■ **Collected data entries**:
—————

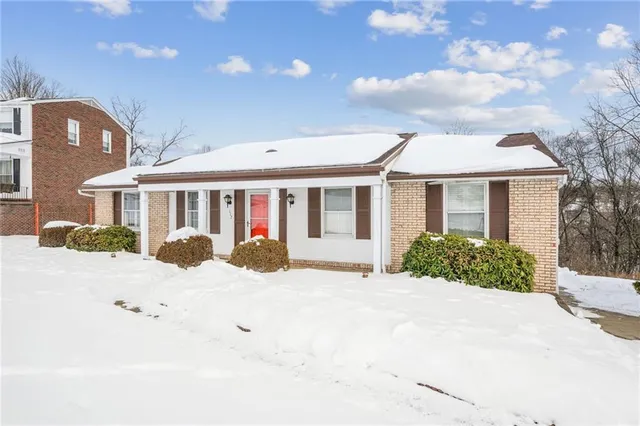 $255,000 | 117 Mayberry Drive, Monroeville, PA 15146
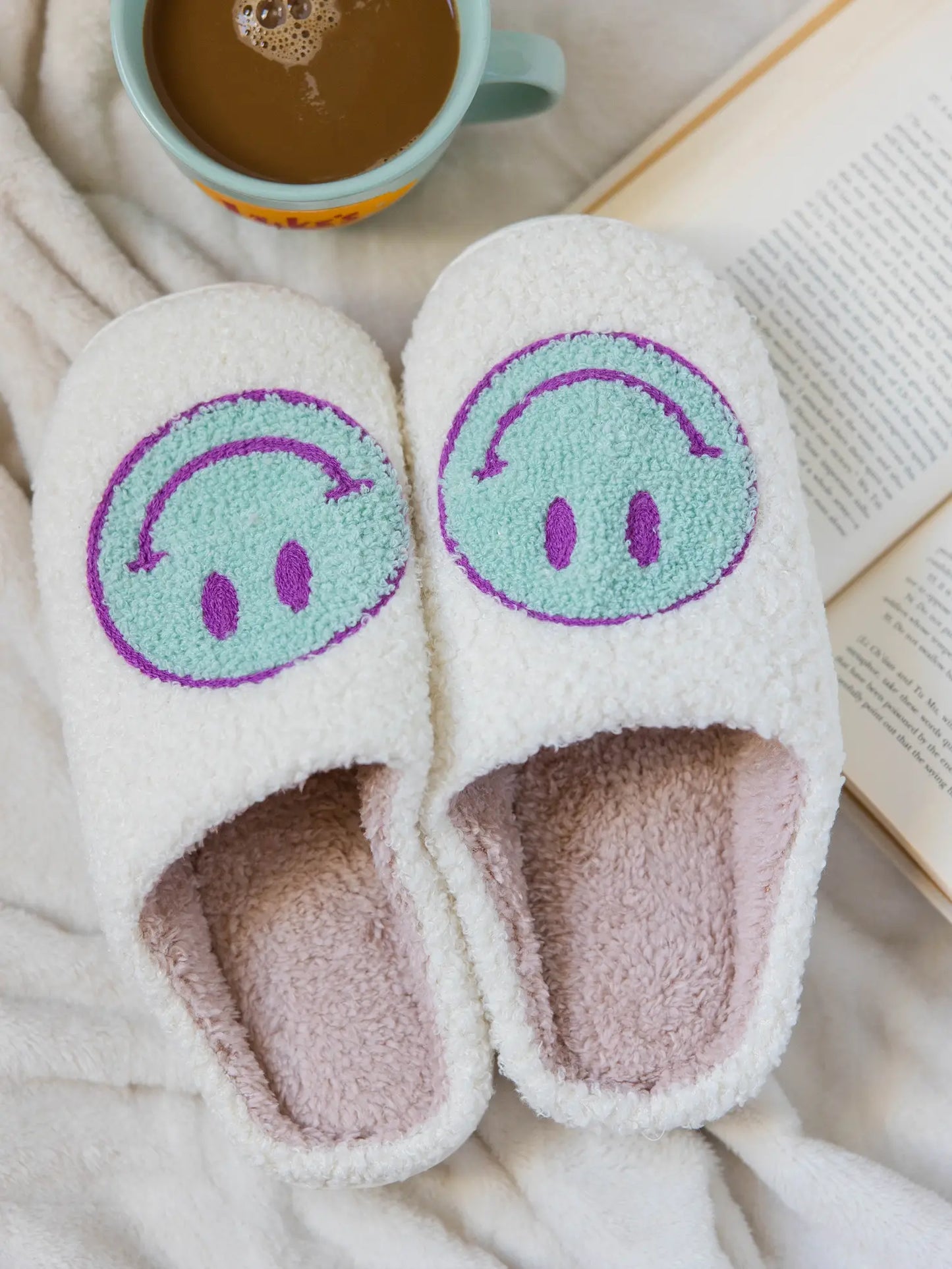 Super Soft Smiley Face Slippers (Black)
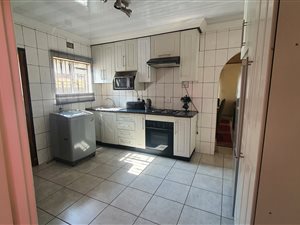 3 Bed House in Phiri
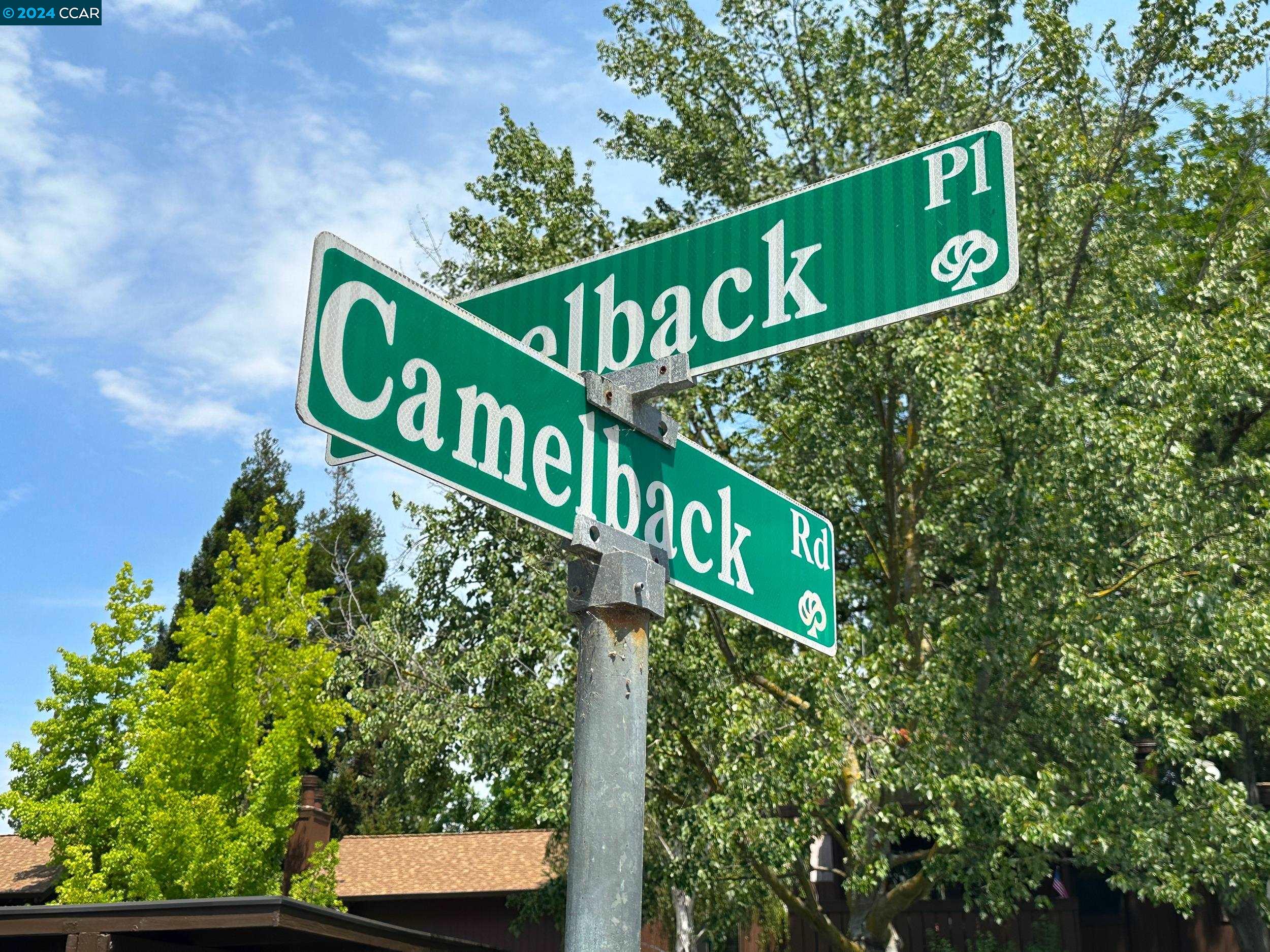 895 Camelback Pl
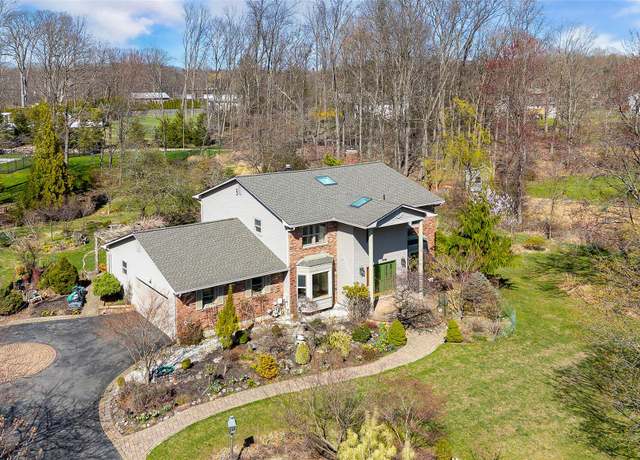 Property at 4 Baker Ln, Suffern, NY 10901, 5 beds, 3.5 baths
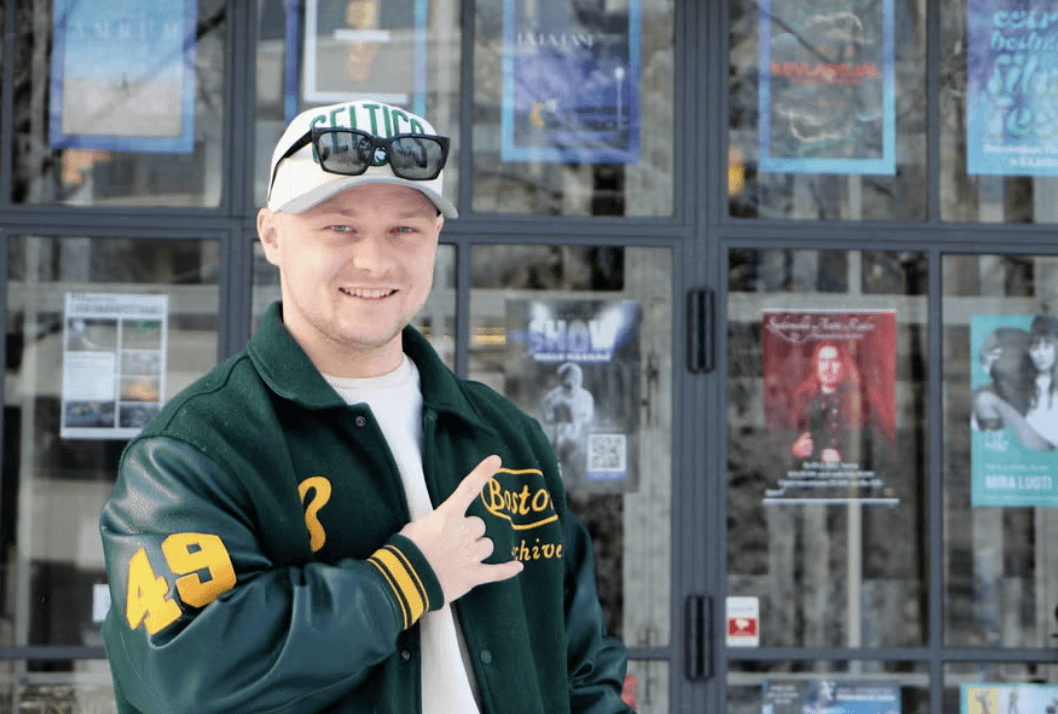 Osku Pienimäki stand up koomikko Vasabladet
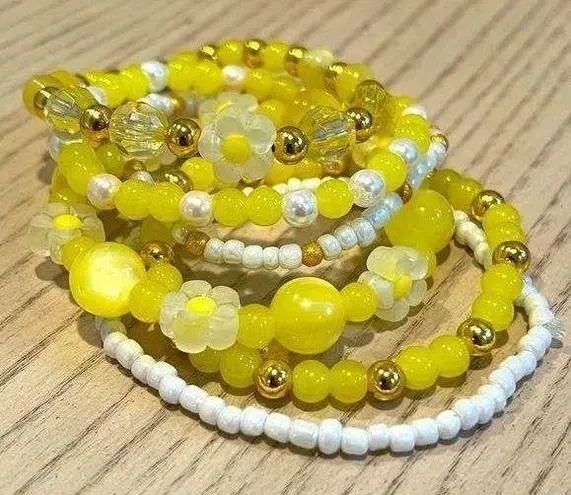 Handmade Beaded stretchy friendship bracelets flowers yellow gold white
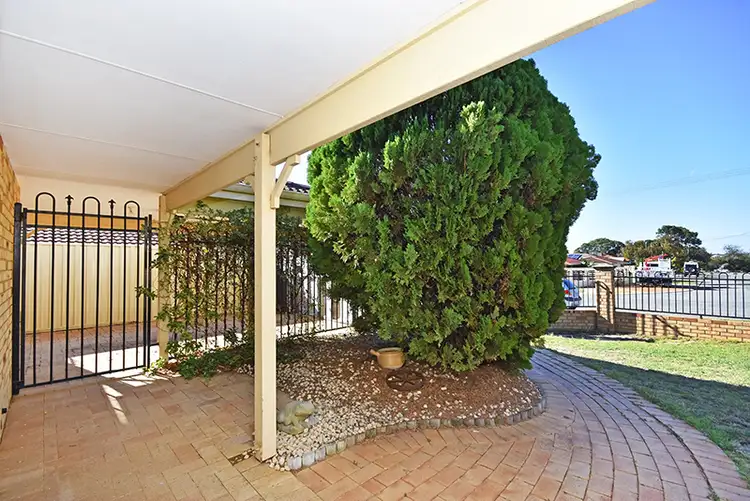 Fourth view of Homely house listing, 37 Littleham Loop, Quinns Rocks WA 6030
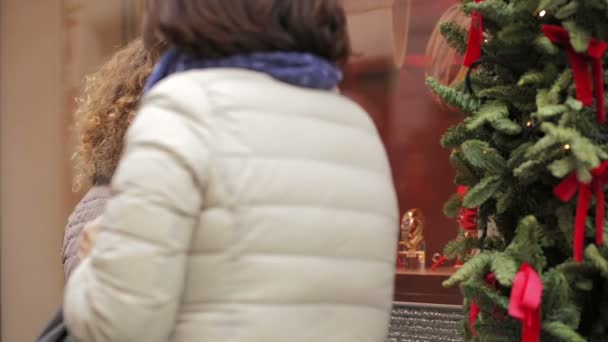 Vacker Kvinna Tittar Ett Skyltfönster Med Exponerad Klocka Julen Gör — Stockvideo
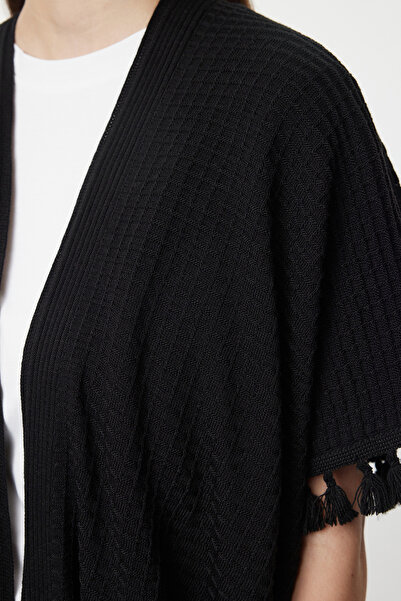 Trendyol Modest Černá pletená čepice - Ferace/kardigan Tctaw25kf00004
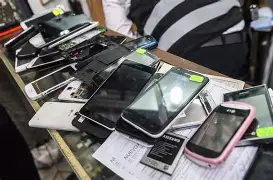 SE REFUERZAN LOS CONTROLES EN LOCALES DE CELULARES USADOS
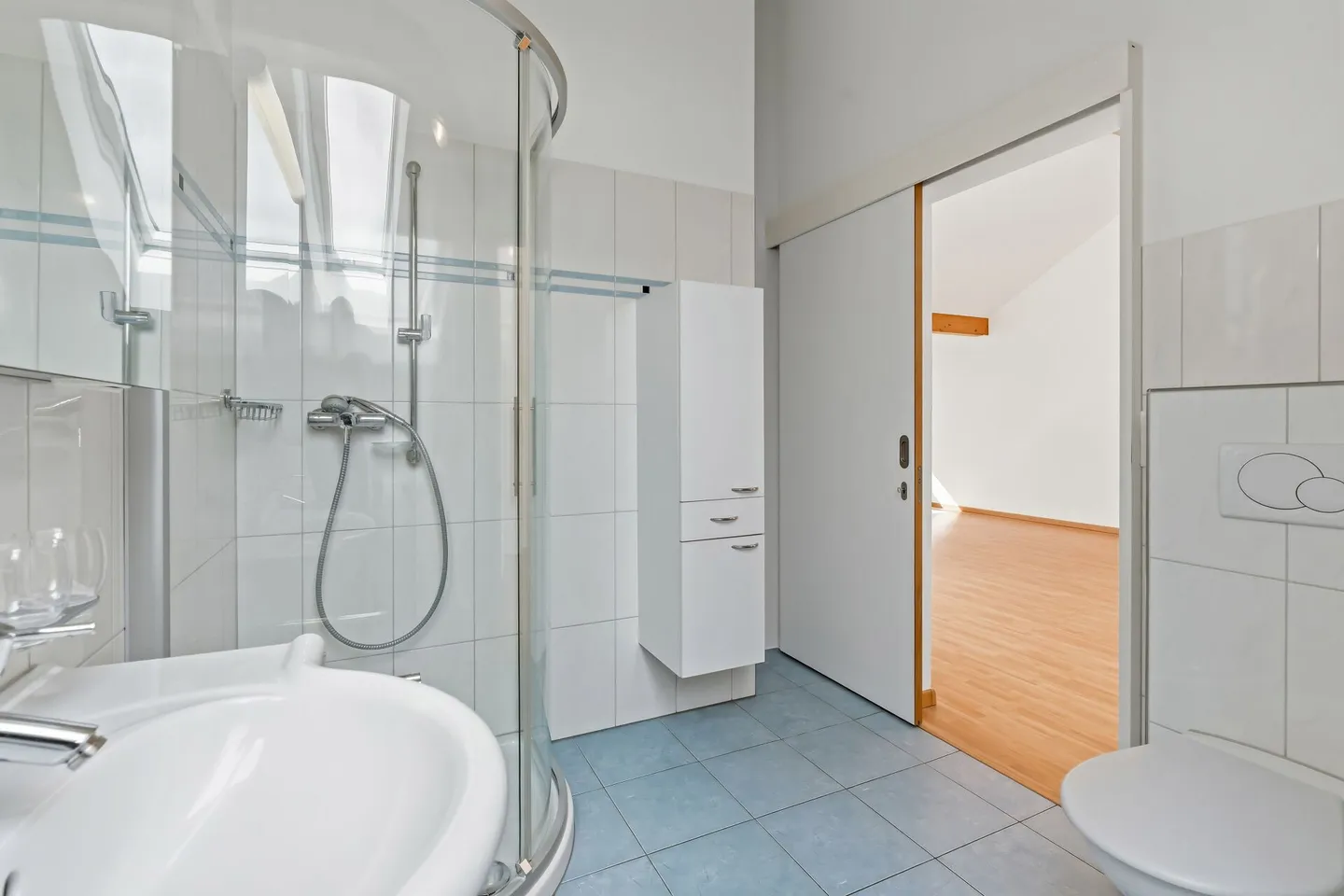 Helle Dachwohnung mit Aussicht - Foto 10 von 15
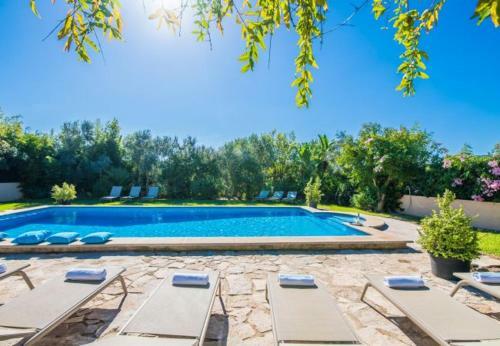 Pollenca Holiday Home Sleeps 8 With Pool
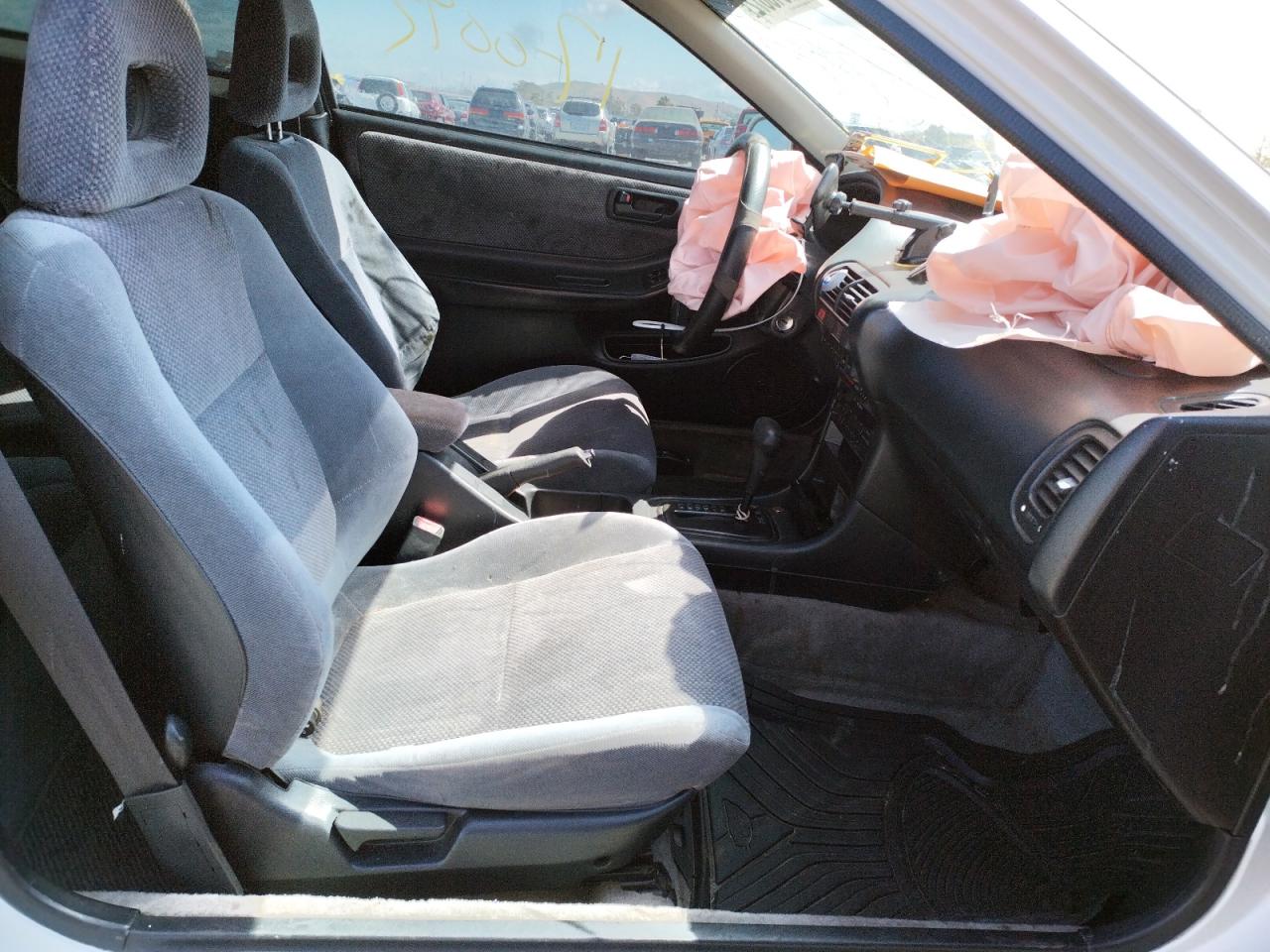 Photo 5 from auction – 1995 ACURA INTEGRA RS with VIN JH4DC4446SS024502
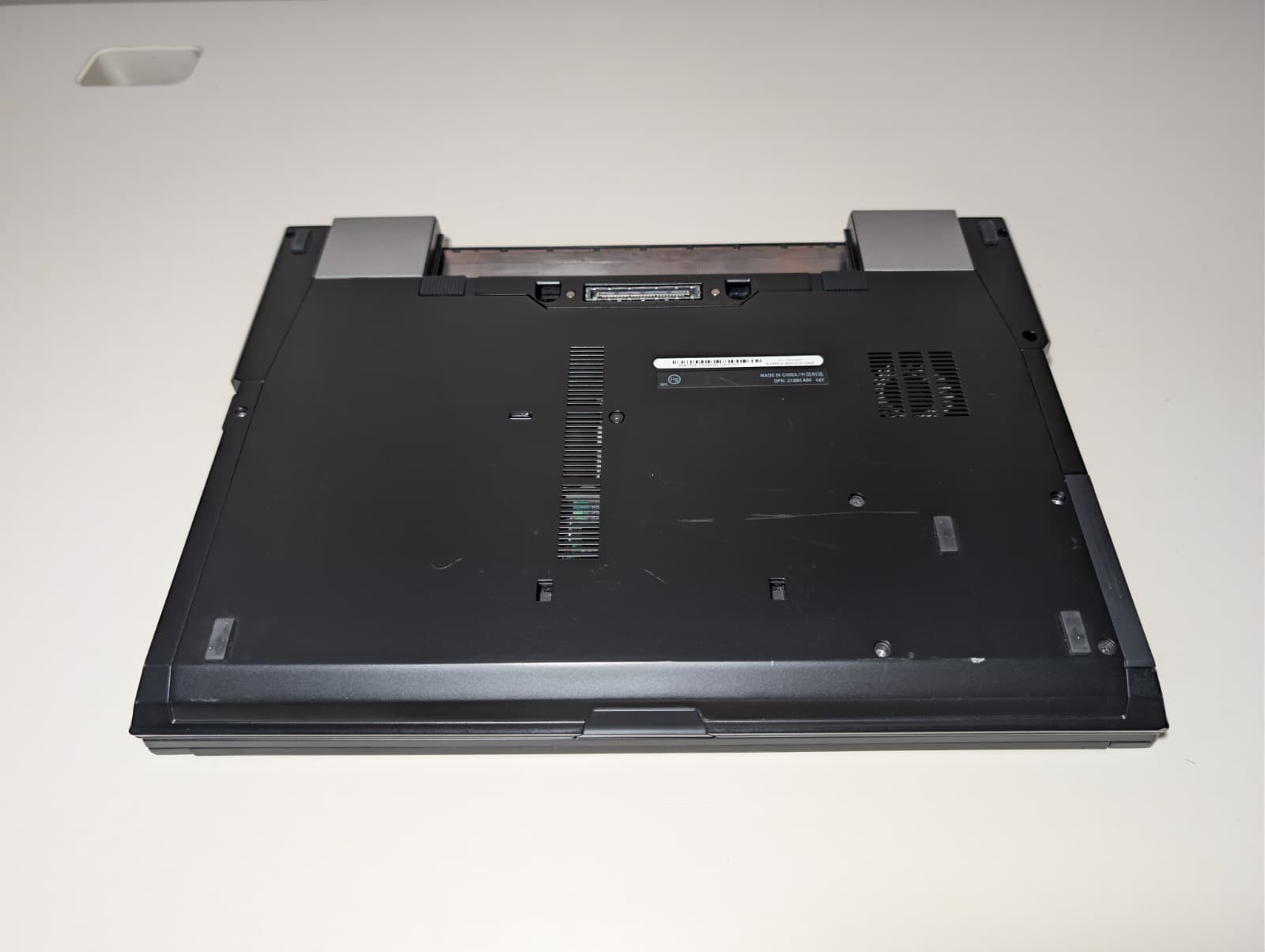 Dell Latitude E6500 | C2D T9900 4GB RAM 250GB HDD | Backlit NVIDIA Win XP 32-Bit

—————

■ **Your goal**: Restate word for word the lines of the data above that begin at the line with "3 Bed House in Phiri" and end at the line with "Handmade Beaded stretchy", keeping both ends and dropping every picture.

■ **Solution**:
 3 Bed House in Phiri
 895 Camelback Pl
 Property at 4 Baker Ln, Suffern, NY 10901, 5 beds, 3.5 baths
 Osku Pienimäki stand up koomikko Vasabladet
 Handmade Beaded stretchy friendship bracelets flowers yellow gold white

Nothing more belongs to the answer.